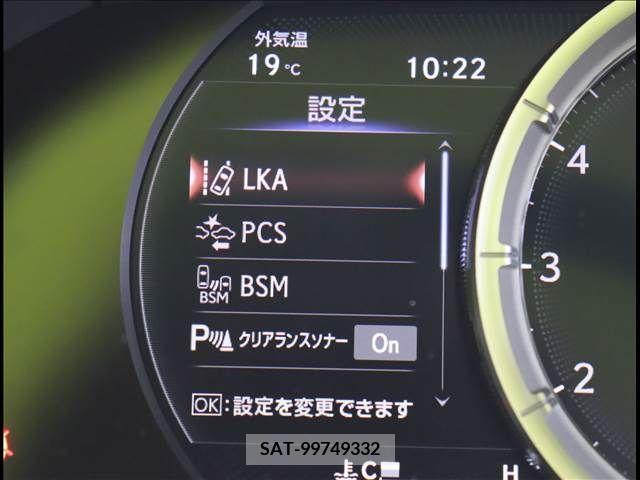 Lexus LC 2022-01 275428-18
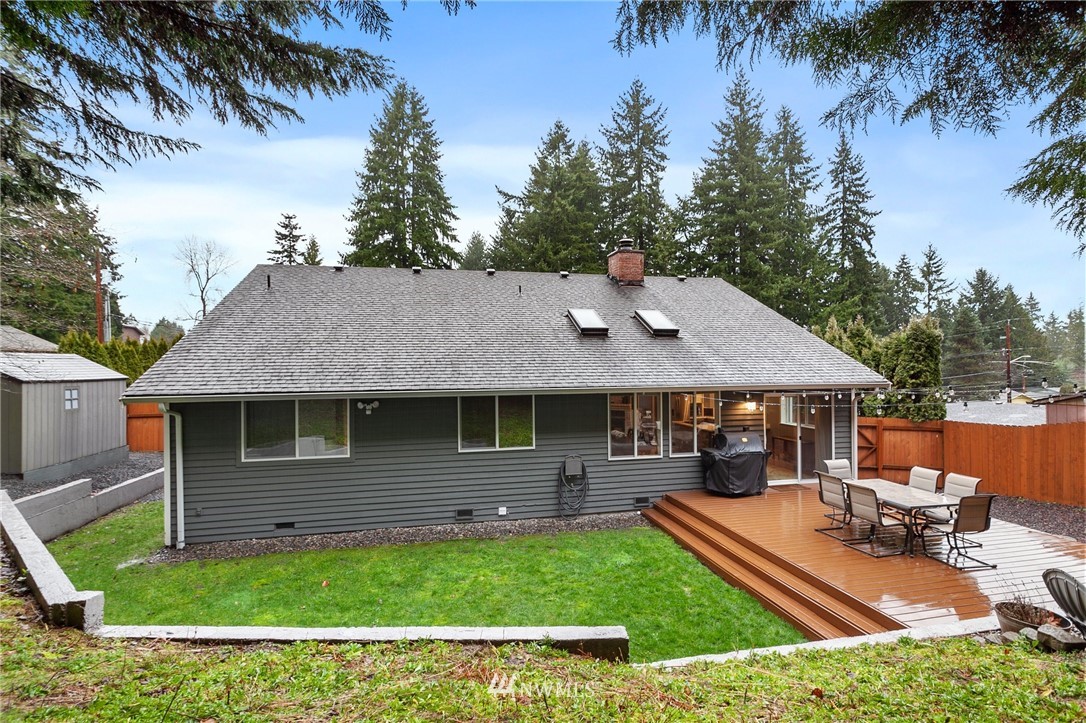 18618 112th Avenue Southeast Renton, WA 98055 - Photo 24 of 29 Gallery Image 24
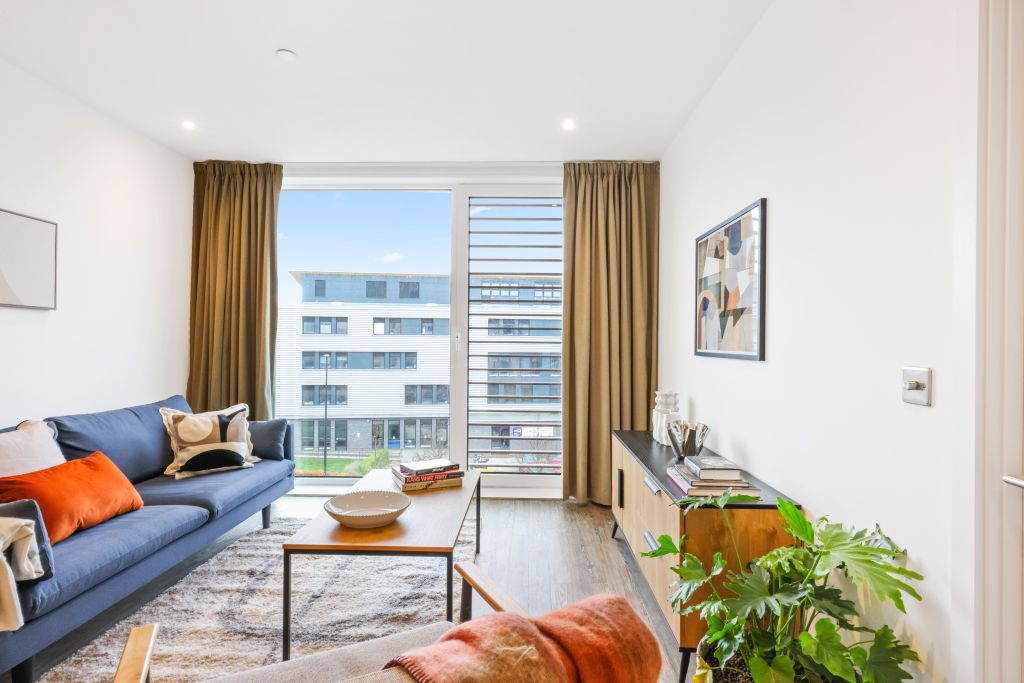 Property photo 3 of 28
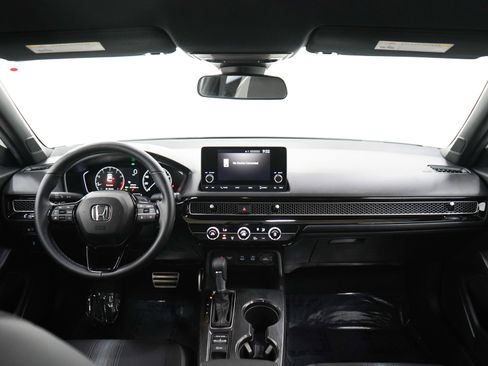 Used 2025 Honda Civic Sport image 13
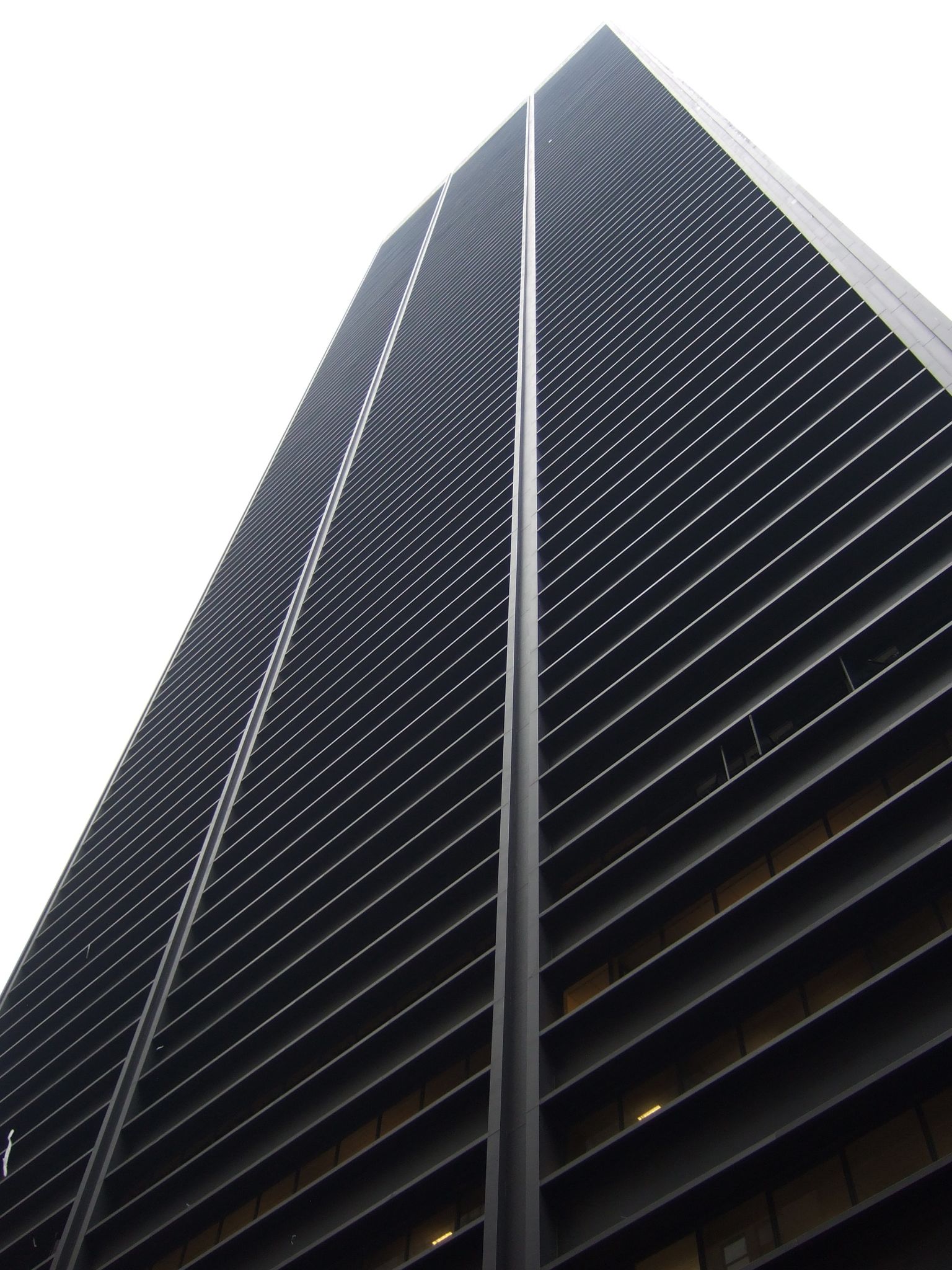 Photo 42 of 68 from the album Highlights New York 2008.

===

» **What the exercise asks**
Using the data above, print every line exactly, omitting pictures.

» **Result for this exercise**
 Lexus LC 2022-01 275428-18
 18618 112th Avenue Southeast Renton, WA 98055 - Photo 24 of 29 Gallery Image 24
 Property photo 3 of 28
 Used 2025 Honda Civic Sport image 13
 Photo 42 of 68 from the album Highlights New York 2008.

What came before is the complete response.